Abstract: Correlated classical and quantum many-particle systems out of equilibrium are of high interest in many fields, including dense plasmas, correlated solids, and ultracold atoms. Accurate theoretical description of these systems is challenging both, conceptionally and with respect to computational resources. While for classical systems, in principle, exact simulations are possible via molecular dynamics, this is not the case for quantum systems. Alternatively, one can use many-particle approaches such as hydrodynamics, kinetic theory or nonequilibrium Green functions (NEGF). However, NEGF exhibit a very unfavorable cubic scaling of the CPU time with the number of time steps. An alternative is the G1--G2 scheme [N. Schl\"unzen et al., Phys. Rev. Lett. \textbf{124}, 076601 (2020)] which allows for NEGF simulations with time linear scaling, however, at the cost of large memory consumption. The reason is the need to store the two-particle correlation function. This problem can be overcome for a number of approximations by reformulating the kinetic equations in terms of fluctuations -- an approach that was developed, for classical systems, by Yu.L. Klimontovich [JETP \textbf{33}, 982 (1957)]. Here we present an overview of his ideas and extend them to quantum systems.

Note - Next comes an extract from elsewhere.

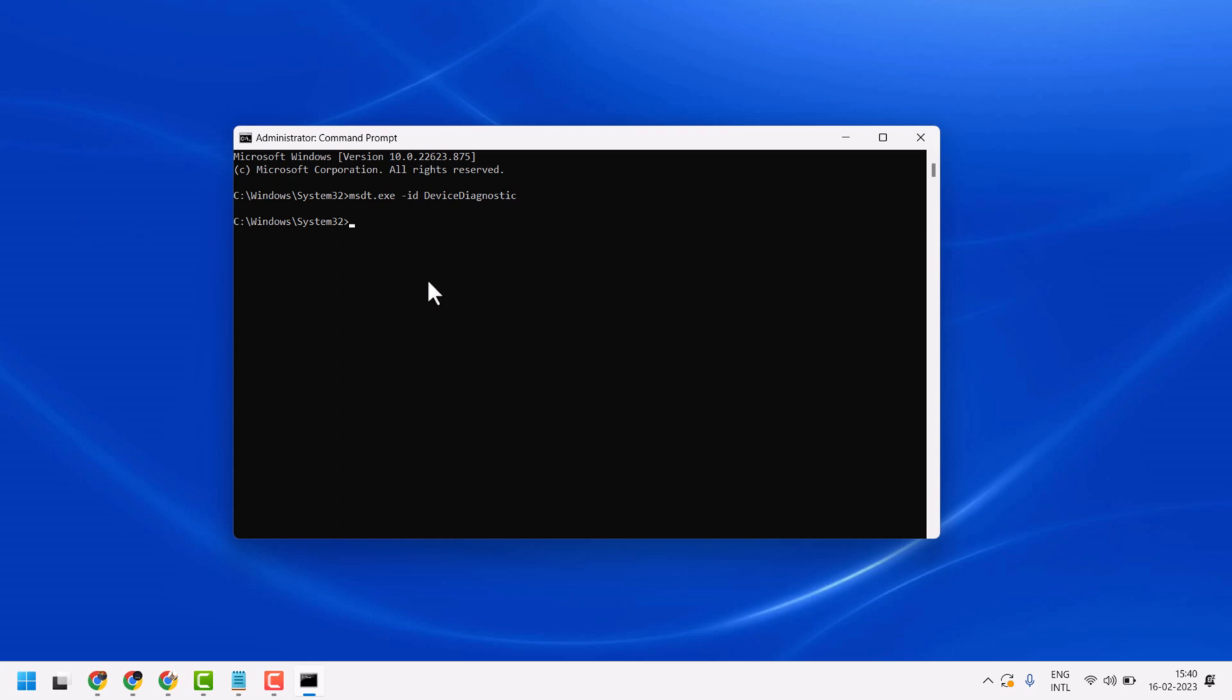Now type this command line: sfc space /scannow, then press Enter. Once this completes, exit and restart your system. It will take a couple of minutes to complete this scanning.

In particular, we demonstrate that this quantum fluctuations approach can reproduce the nonequilibrium $GW$ approximation [E. Schroedter \textit{et al.}, Cond. Matt. Phys. \textbf{25}, 23401 (2022)] promising high accuracy at low computational cost which arises from an effective semiclassical stochastic sampling procedure. We also demonstrate how to extend the approach to the two-time exchange-correlation functions and the density response properties. [E. Schroedter \textit{et al.}, Phys. Rev. B \textbf{108}, 205109 (2023)].